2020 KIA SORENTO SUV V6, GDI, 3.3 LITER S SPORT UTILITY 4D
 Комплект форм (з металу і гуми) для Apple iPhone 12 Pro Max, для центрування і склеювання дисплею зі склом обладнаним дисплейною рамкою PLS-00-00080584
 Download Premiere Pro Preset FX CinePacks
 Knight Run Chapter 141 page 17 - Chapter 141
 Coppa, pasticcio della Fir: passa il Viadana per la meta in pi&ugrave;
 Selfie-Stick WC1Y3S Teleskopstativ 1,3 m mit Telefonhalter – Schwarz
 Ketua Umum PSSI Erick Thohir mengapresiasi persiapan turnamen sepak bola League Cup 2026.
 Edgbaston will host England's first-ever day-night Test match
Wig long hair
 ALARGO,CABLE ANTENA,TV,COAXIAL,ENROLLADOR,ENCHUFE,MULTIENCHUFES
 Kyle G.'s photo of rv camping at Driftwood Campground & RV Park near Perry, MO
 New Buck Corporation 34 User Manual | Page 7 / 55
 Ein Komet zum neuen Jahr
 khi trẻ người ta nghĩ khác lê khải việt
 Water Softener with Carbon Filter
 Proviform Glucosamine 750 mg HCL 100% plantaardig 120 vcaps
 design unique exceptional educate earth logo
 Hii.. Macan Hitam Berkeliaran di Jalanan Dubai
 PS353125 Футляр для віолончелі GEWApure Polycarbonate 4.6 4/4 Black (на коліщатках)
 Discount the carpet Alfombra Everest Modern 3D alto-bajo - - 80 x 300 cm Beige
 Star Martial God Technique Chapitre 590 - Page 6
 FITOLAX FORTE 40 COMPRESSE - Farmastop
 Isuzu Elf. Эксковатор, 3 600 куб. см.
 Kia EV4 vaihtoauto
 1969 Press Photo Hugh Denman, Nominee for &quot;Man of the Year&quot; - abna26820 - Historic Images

──────

- Problem -
Every line of the material should be transcribed without alteration.

- The completed task -
2020 KIA SORENTO SUV V6, GDI, 3.3 LITER S SPORT UTILITY 4D
 Комплект форм (з металу і гуми) для Apple iPhone 12 Pro Max, для центрування і склеювання дисплею зі склом обладнаним дисплейною рамкою PLS-00-00080584
 Download Premiere Pro Preset FX CinePacks
 Knight Run Chapter 141 page 17 - Chapter 141
 Coppa, pasticcio della Fir: passa il Viadana per la meta in pi&ugrave;
 Selfie-Stick WC1Y3S Teleskopstativ 1,3 m mit Telefonhalter – Schwarz
 Ketua Umum PSSI Erick Thohir mengapresiasi persiapan turnamen sepak bola League Cup 2026.
 Edgbaston will host England's first-ever day-night Test match
Wig long hair
 ALARGO,CABLE ANTENA,TV,COAXIAL,ENROLLADOR,ENCHUFE,MULTIENCHUFES
 Kyle G.'s photo of rv camping at Driftwood Campground & RV Park near Perry, MO
 New Buck Corporation 34 User Manual | Page 7 / 55
 Ein Komet zum neuen Jahr
 khi trẻ người ta nghĩ khác lê khải việt
 Water Softener with Carbon Filter
 Proviform Glucosamine 750 mg HCL 100% plantaardig 120 vcaps
 design unique exceptional educate earth logo
 Hii.. Macan Hitam Berkeliaran di Jalanan Dubai
 PS353125 Футляр для віолончелі GEWApure Polycarbonate 4.6 4/4 Black (на коліщатках)
 Discount the carpet Alfombra Everest Modern 3D alto-bajo - - 80 x 300 cm Beige
 Star Martial God Technique Chapitre 590 - Page 6
 FITOLAX FORTE 40 COMPRESSE - Farmastop
 Isuzu Elf. Эксковатор, 3 600 куб. см.
 Kia EV4 vaihtoauto
 1969 Press Photo Hugh Denman, Nominee for &quot;Man of the Year&quot; - abna26820 - Historic Images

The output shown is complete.